*** TASK INPUTS ***
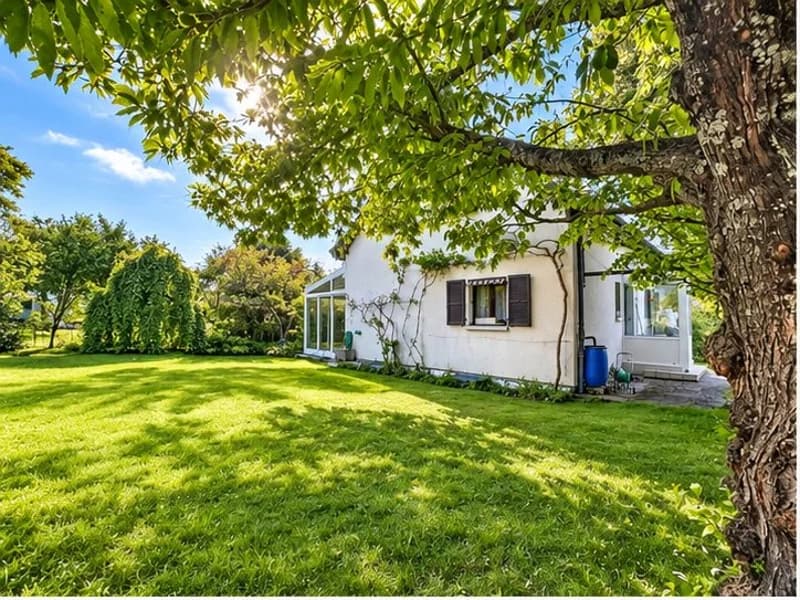 Vente - Maison individuelle Genthod (3)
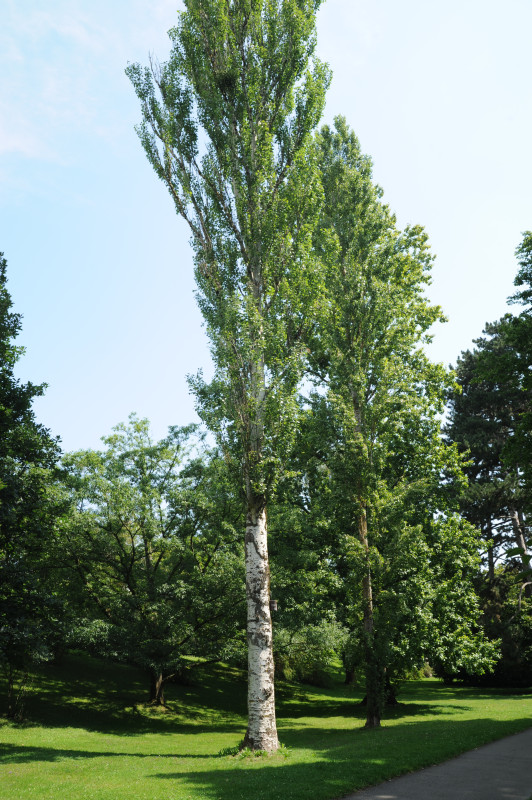 Populus alba 'Pyramidalis' - Stuttgart Hohenheim - 2014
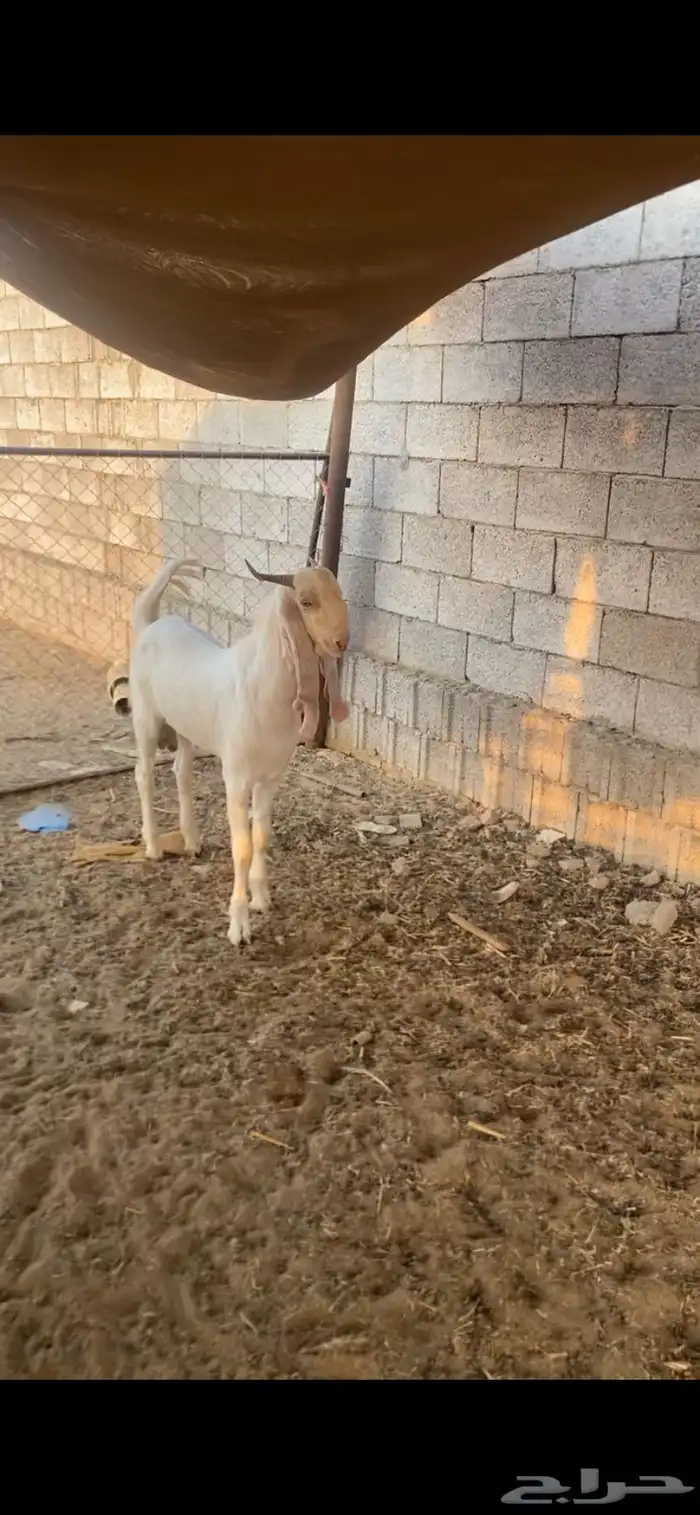 تيس بكستاني 1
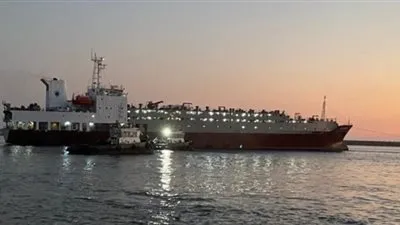 21 سفينة.. إجمالي الحركة الملاحية بموانئ بورسعيد 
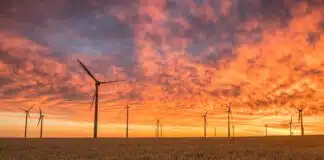 landscape photography of grass field with windmills under orange sunset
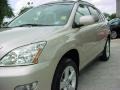 2008 Savannah Metallic Lexus RX 350  photo #13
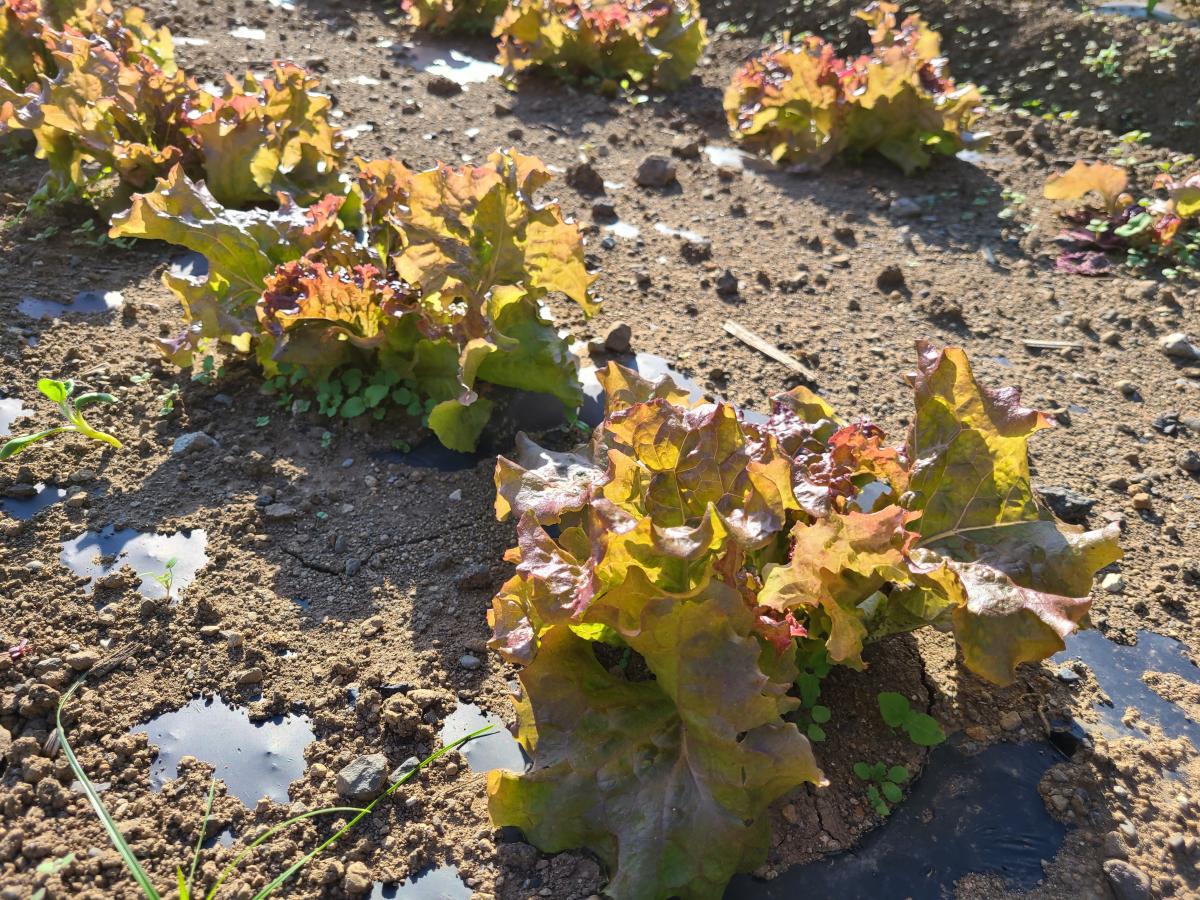 10月30日の野菜2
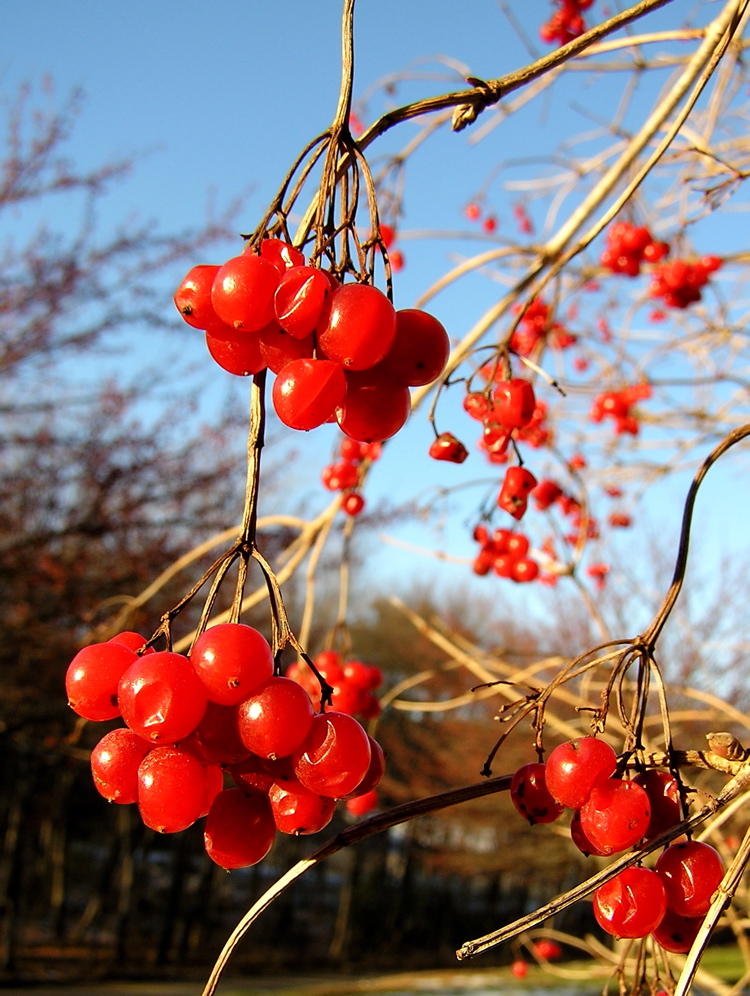 a tree with small clusters of red berries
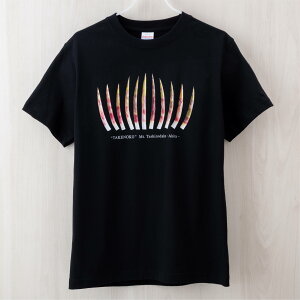 y ̂TVc z R ̂ ˂܂肽 Ȃ| ፑ Hc V TVc  jp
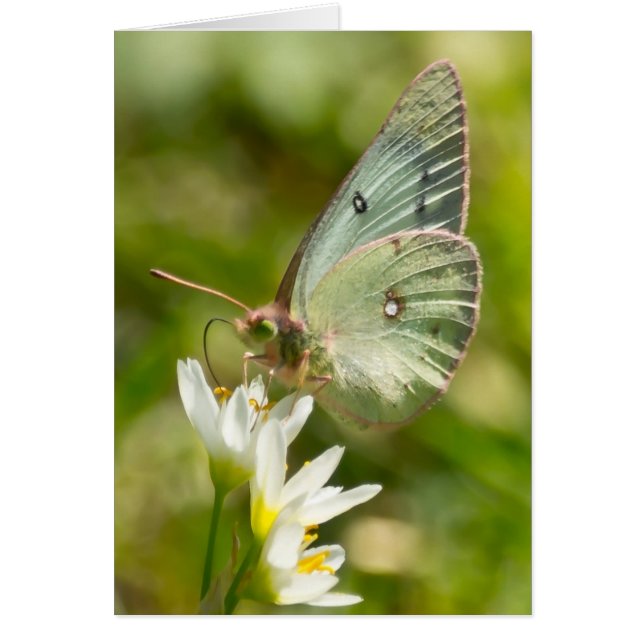 Cartão Luz verde sobre Roupa de alho e presentes falsos (Frente)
***
Repeat the data word for word, excluding any image.

> _EXERCISE OUTPUT_:
 Vente - Maison individuelle Genthod (3)
 Populus alba 'Pyramidalis' - Stuttgart Hohenheim - 2014
 تيس بكستاني 1
 21 سفينة.. إجمالي الحركة الملاحية بموانئ بورسعيد 
 landscape photography of grass field with windmills under orange sunset
 2008 Savannah Metallic Lexus RX 350  photo #13
 10月30日の野菜2
 a tree with small clusters of red berries
 y ̂TVc z R ̂ ˂܂肽 Ȃ| ፑ Hc V TVc  jp
 Cartão Luz verde sobre Roupa de alho e presentes falsos (Frente)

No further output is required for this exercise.